Third, the wartime planning for Bretton Woods extended to all other allied countries. Keynes wanted to limit the preparations to the two great powers with a possible invitation to the Soviet Union, but White insisted on holding a conference of 44 countries and inviting many of them to submit their own plans or amendments both before and during the conference. A pre-cooked plan, he argued, would be widely resented and would not likely be embraced by a large number of participants. In the end, almost every invited country joined the IMF and the World Bank (the Soviet Union being the major exception).

Fourth, those who gathered at Bretton Woods had a clear and viable shared vision of how to establish a cooperative postwar international financial system. Unilateral exchange rate changes would be replaced by multilateral agreements. Temporary financing would help countries with payments deficits or reconstruction and development needs. Forums would be established to help countries find mutually beneficial solutions to problems. The whole structure would be built on the two internationally accepted reserve assets: gold and the U.S dollar. No one believed it would be a perfect system for all time, but everyone understood that it would be a vast improvement and would help participating countries in a wide variety of circumstances.

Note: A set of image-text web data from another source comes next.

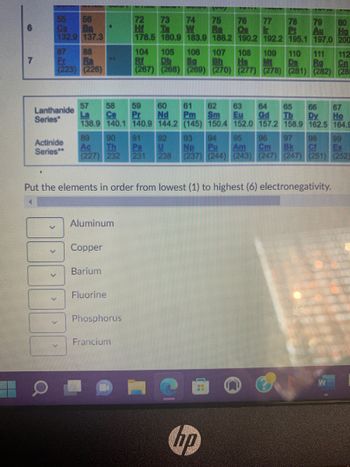 6
7
55 56
132.9 137.3
88
Fr
(223) (226)
Lanthanide
Series*
Actinide
Series**
V
57 58
K
59
Pr
138.9 140.1 140.9 144.2
Aluminum
Copper
89 90
Ac
(227) 232 231 238
Barium
Fluorine
72
75 76
HY
178.5 180.9 183.9 186.2 190.2 192.2 195.1 197.0 200
Put the elements in order from lowest (1) to highest (6) electronegativity.
Phosphorus
104 105 106 107 108 109
DD
Da Rg
(267)
(268) (269) (270) (277) (278) (281) (282) (28
Francium
60 61 62 63 64 65 66 67
Nd Pm Sm Eu Gd Tb Dy Ho
(145) 150.4 152.0 157.2 158.9 162.5 164.9
78 79 80
Et
93 94 95 96 97 98 99
Np
Cm Bk Cf
(237) (244) (243) (247) (247) (251) (252)
00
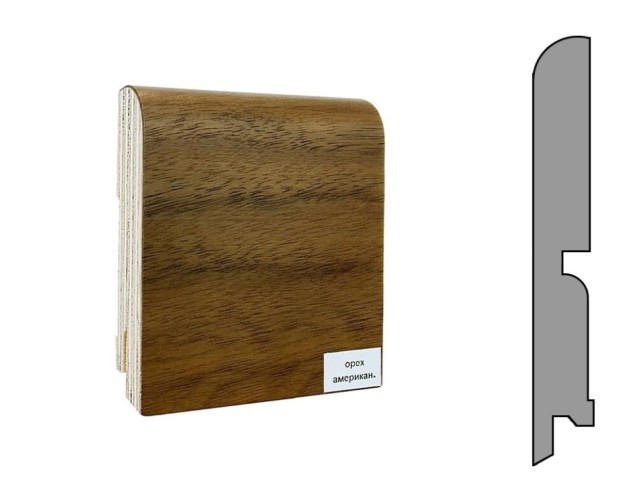 Плинтус шпонированный Finitura  120х15х2400мм Орех американский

None of these conditions is met today. Unilateral policy actions that aim to benefit one country at the expense of others may yet precipitate a crisis, as they did in the 1930s, but so far they remain exceptional. The U.S. government might someday regain the mantle of financial leadership and the vision of a shared prosperity that it had during World War II; or some other country might take over that role; but that quality of governance does not now exist. And the most daunting challenge—developing a clear plan for what an improved system might look like—is not even in the earliest stages of realization.

The international financial system that emerged from the Bretton Woods conference in 1944 was and is imperfect, but it has evolved so as to remain the capstone of global economic relations. The continuation of that evolution, not a wholesale attempt at replacement, should be the focus of reform discussions.